Benjamin Constant, uno de los fundadores del liberalismo democrático francés afirmaba allá en el 1815 que “la intolerancia civil es tan peligrosa, más absurda y, sobre todo, más injusta que la intolerancia religiosa”. La polémica del burkini ha generado otros “debates” que nada tienen que ver con la legitimidad de obligar o prohibir a una mujer a vestirse de una determinada manera, y sí mucho con esos “lugares comunes” tan potencialmente peligrosos: nos invaden, el islam es incompatible con la democracia, la idea de salvajismo, suciedad, mal olor, sumisión, etc.

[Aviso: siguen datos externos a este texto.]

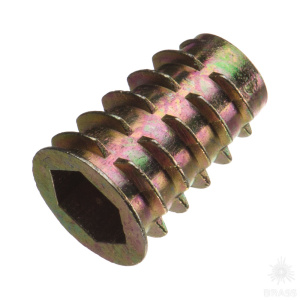 12.10.219-0 Втулка М10х25 мм с шестигранным отверстием, цамак, цвет жёлтый цинк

Rezuman odio por todas las rendijas de ese machismo discursivo al que se refiere el sociólogo Diego Gambetta, y que no admite peros. Una opinión tajante, contundente, una verdad absoluta que no permite ni tan siquiera la posibilidad de un diálogo. Se produce una especie de escucha selectiva que acaba desvirtuando el origen del debate, generando nuevas polémicas y que termina por apuntalar definitivamente los tópicos que manejan tanto los medios de comunicación como la sociedad en general. Se produce una censura total, una sordera que imposibilita tender puentes.

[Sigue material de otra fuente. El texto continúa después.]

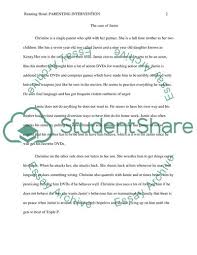 Triple p (positive parenting program, auf deutsch: Parenting Intervention Positive Parenting Programme Triple P Essay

Mujeres musulmanas y no musulmanas han aportado posiciones en defensa del derecho de la mujer a usar su cuerpo como le plazca. Reacciones desde movimientos civiles, culturales, confesionales y políticos se han manifestado en un debate que, desde mi humilde punto de vista, podría haber supuesto una oportunidad para reconciliar una realidad plural innegable con la percepción amplificada de defensa de “lo nuestro”. Sin embargo, estas mujeres han sido silenciadas, vapuleadas públicamente por opinar distinto, recibidas con un insultante paternalismo neocolonial que las asume como incapaces de ser personas críticas, cautivas de su propio ser. Son mujeres que se han visto pinzadas entre dos fascismos reactivos que se retroalimentan: la islamofobia y el fundamentalismo.

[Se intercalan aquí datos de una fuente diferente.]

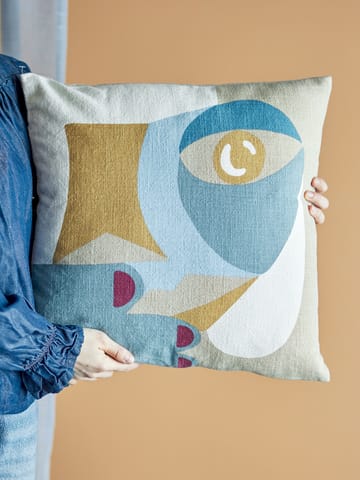 Ditte Kissen 45x45 cm - Blau - Bloomingville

Su opinión no es pertinente. El debate las excluye de los movimientos feministas porque son víctimas del patriarcado por su mera adscripción confesional, admitiendo en consecuencia que el machismo, se produce única y exclusivamente en sociedades donde se halla presente el islam, convirtiendo en anécdota la brecha salarial de género que en nuestro país supera la media de la zona euro, o reduciendo a casos puntuales la lacra de la violencia de género. Ellas son las víctimas, son seres sin capacidad de decidir o pensar y hay que intervenir en pos de su libertad. Una lógica que suena mucho a la argumentación para invadir, bombardear y saquear en nombre de la democracia.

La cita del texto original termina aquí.